Victoria's hand tightened around Camille's. "Give us the full picture, Doctor. No sugar-coating."
Dr. Sharma nodded, respecting Victoria's directness. "The cancer is still serious. But this response changes your prognosis significantly. With continued treatment and your current response rate, we could be looking at years of good quality life rather than months."
Years. The word echoed in Camille's mind like a bell, clear and bright and almost too beautiful to believe.
"And the smoke damage to her lungs?" Camille pressed, needing to understand the complete situation.
"Also improving faster than expected. Your mother has remarkable resilience, Ms. Kane." Dr. Sharma closed the folder. "I believe we can start discussing discharge plans within the next week, with continued outpatient treatment, of course."
After the doctor left, promising to return with more details that afternoon, silence filled the room. Camille stared at Victoria, tears building behind her eyes but not falling.
"Don't look so shocked," Victoria said finally, a hint of her old dryness returning. "I told you I wasn't finished yet."
The simple statement broke the dam. Camille's tears flowed freely now, her body shaking with sobs that were half laughter, half pure relief.
"Camille," Victoria said, her voice softening. "Come here."
Camille moved from the chair to the edge of the bed. Victoria reached up, wiping tears from her daughter's cheeks with a gentleness few people had ever seen from the formidable businesswoman.
"I'm not going anywhere," Victoria promised. "Not for a long time."
"I was so afraid," Camille admitted, the words barely audible. "Every day, watching you get weaker. I thought..."
"I know what you thought." Victoria's hand moved to cover Camille's. "I thought it too, at first. But it seems we're both too stubborn to give up so easily."
Camille laughed through her tears. "Stubborn enough to beat cancer and survive a bombing in the same month."
"Exactly." Victoria's eyes, clearer now than they had been in weeks, held Camille's. "Now, help me sit up properly. I need to make some calls."
"Calls? You just got good news. You should rest."
"I've been resting for weeks," Victoria countered. "It's time to start living again."
Something in those words reached deep inside Camille, touching a place that had been frozen with fear since Rose's threat. *Time to start living again.* Not just surviving. Not just waiting for the next attack. But living, despite the dangers still lurking.
Camille adjusted Victoria's pillows, helping her sit more upright. "Alexander will want to know about the test results. He's been worried too."
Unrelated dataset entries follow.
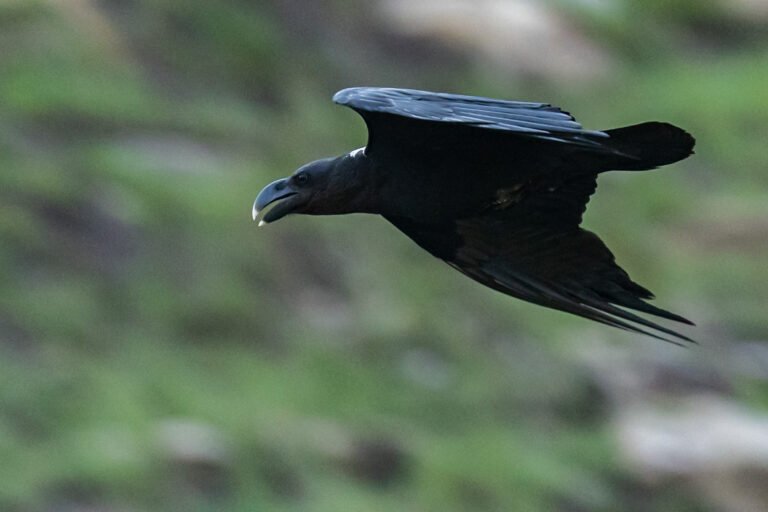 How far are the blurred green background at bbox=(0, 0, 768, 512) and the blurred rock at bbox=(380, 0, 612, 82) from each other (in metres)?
0.04

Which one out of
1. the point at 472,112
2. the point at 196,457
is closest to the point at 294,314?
the point at 196,457

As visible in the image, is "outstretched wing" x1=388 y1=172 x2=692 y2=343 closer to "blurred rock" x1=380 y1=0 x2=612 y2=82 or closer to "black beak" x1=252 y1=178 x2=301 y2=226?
"black beak" x1=252 y1=178 x2=301 y2=226

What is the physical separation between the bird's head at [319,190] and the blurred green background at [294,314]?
6616 millimetres

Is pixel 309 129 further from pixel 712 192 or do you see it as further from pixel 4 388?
pixel 4 388

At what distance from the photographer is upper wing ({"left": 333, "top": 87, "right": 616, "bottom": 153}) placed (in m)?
9.02

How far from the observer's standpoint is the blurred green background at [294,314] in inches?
671

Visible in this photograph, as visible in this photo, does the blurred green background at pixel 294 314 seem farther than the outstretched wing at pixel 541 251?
Yes

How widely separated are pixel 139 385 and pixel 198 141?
3.84m

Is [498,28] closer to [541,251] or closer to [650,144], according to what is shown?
[541,251]

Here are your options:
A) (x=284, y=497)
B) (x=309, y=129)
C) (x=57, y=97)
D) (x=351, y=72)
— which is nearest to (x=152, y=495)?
(x=284, y=497)

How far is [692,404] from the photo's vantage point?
773 inches

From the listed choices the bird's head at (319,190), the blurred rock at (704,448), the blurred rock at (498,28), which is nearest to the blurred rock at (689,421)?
the blurred rock at (704,448)

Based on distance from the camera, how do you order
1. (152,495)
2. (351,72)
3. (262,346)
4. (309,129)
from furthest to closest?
(351,72), (309,129), (262,346), (152,495)

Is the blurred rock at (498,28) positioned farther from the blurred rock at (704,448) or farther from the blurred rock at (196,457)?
the blurred rock at (196,457)
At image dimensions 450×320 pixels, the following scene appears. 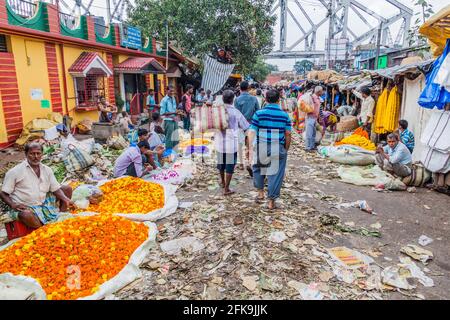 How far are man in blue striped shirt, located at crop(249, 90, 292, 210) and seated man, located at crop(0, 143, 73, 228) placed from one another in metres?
2.90

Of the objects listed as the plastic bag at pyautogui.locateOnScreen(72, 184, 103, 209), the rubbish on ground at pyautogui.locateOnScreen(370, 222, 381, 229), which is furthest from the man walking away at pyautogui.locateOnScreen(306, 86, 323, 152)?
the plastic bag at pyautogui.locateOnScreen(72, 184, 103, 209)

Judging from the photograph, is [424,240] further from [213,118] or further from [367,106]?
[367,106]

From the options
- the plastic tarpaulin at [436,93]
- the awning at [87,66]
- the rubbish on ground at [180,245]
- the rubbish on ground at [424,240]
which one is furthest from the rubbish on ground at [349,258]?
→ the awning at [87,66]

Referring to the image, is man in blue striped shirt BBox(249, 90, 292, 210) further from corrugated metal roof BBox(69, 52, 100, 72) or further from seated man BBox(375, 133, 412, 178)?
corrugated metal roof BBox(69, 52, 100, 72)

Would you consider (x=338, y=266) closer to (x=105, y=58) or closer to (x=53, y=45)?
(x=53, y=45)

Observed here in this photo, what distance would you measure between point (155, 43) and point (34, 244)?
732 inches

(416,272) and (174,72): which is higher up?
(174,72)

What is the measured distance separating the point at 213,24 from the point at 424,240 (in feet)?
57.3

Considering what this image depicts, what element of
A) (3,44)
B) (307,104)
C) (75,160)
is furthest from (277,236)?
(3,44)

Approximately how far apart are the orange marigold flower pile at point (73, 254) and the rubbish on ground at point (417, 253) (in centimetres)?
317

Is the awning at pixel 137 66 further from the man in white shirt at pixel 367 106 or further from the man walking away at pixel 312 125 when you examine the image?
the man in white shirt at pixel 367 106

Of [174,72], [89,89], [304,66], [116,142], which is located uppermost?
[304,66]

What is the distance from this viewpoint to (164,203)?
17.5 feet

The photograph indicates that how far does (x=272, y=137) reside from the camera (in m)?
4.93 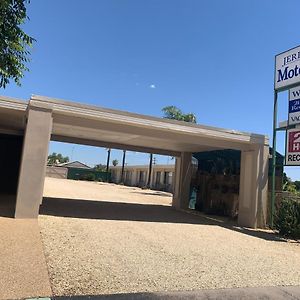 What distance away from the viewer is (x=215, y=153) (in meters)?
21.7

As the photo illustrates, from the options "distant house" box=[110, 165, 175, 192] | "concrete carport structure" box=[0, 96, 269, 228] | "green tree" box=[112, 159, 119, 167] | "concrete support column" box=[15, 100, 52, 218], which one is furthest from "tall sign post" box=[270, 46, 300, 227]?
"green tree" box=[112, 159, 119, 167]

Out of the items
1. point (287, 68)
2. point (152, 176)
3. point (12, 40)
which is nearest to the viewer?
point (12, 40)

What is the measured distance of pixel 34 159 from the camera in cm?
1291

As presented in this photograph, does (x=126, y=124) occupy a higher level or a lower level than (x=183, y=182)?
higher

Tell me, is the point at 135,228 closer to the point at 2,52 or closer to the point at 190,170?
the point at 2,52

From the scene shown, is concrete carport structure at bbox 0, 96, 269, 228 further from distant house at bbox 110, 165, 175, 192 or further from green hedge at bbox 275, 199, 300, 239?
distant house at bbox 110, 165, 175, 192

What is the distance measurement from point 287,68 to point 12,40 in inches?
494

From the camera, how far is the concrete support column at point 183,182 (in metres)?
22.8

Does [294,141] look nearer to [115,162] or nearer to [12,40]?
[12,40]

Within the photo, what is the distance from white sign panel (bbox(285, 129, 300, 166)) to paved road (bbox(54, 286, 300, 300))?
880 cm

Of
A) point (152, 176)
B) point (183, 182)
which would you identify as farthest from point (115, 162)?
point (183, 182)

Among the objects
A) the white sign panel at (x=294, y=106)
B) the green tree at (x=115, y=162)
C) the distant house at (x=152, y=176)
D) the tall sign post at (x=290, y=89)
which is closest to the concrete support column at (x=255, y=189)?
the tall sign post at (x=290, y=89)

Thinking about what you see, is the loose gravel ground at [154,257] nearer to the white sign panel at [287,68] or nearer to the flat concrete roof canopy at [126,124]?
the flat concrete roof canopy at [126,124]

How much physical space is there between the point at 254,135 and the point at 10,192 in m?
14.0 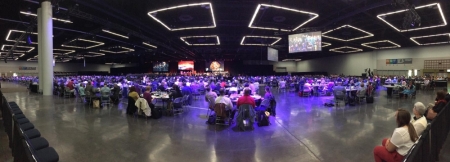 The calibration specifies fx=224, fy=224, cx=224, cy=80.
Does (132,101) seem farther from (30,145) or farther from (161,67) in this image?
(161,67)

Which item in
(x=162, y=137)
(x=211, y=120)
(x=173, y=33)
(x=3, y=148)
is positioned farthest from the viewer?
(x=173, y=33)

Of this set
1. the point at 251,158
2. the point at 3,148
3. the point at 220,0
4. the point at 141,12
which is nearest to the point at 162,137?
the point at 251,158

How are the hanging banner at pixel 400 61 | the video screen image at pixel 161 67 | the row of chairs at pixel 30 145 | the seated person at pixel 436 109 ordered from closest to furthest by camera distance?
the row of chairs at pixel 30 145
the seated person at pixel 436 109
the hanging banner at pixel 400 61
the video screen image at pixel 161 67

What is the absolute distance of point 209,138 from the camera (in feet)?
17.4

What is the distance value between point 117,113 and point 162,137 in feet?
13.4

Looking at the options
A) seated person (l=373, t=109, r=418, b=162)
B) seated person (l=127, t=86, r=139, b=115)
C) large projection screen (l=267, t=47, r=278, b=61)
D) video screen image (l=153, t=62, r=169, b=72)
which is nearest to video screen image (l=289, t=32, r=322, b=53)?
large projection screen (l=267, t=47, r=278, b=61)

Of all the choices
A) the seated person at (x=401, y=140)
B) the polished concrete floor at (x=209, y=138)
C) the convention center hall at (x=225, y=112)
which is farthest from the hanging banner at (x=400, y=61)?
the seated person at (x=401, y=140)

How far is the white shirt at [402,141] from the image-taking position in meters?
2.77

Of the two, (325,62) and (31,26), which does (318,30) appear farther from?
(325,62)

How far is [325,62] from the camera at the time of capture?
4388cm

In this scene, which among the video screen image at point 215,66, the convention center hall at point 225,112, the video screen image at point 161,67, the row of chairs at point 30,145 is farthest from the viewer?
the video screen image at point 161,67

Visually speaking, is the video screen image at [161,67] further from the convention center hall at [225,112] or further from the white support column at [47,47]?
the white support column at [47,47]

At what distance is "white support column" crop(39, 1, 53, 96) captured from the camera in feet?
42.3

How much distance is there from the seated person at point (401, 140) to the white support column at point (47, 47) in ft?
Result: 54.3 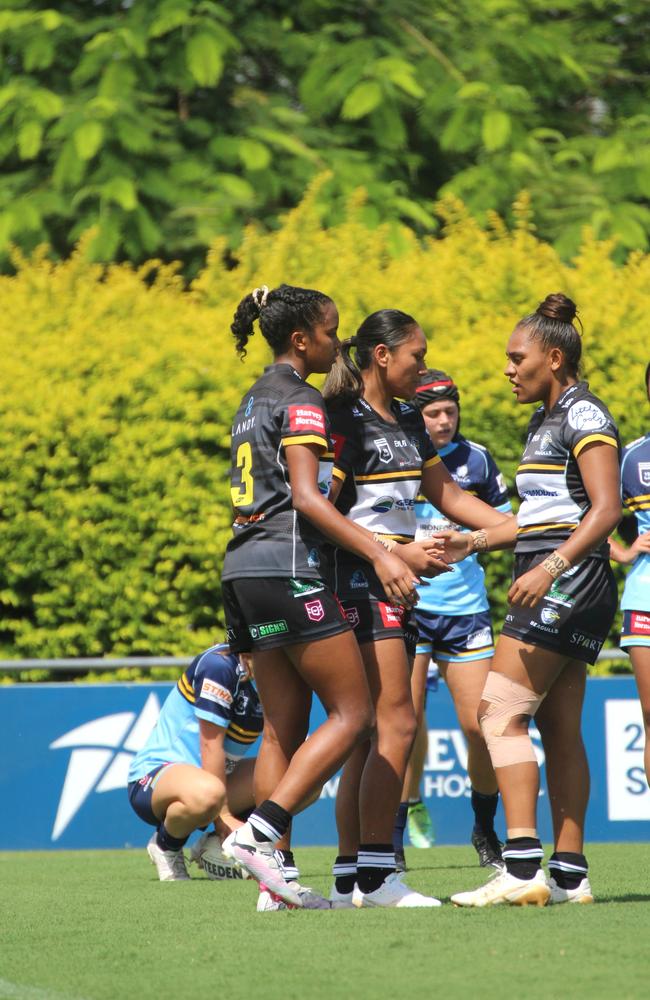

"Of course he has," Victoria said. "That young man loves you more than his own life. It makes him both valuable and extremely vulnerable."
The blunt assessment brought Camille up short. Even recovering from cancer, even celebrating good news, Victoria's mind remained sharp, tactical, always evaluating weaknesses and strengths.
"Rose is still out there," Victoria continued, reading Camille's thoughts with her usual accuracy. "My recovery doesn't change that. If anything, it makes me a more tempting target."
"The FBI is closing in," Camille reminded her. "Every day they find new leads. It's only a matter of time."
"Perhaps. But Rose has always been patient when it suited her."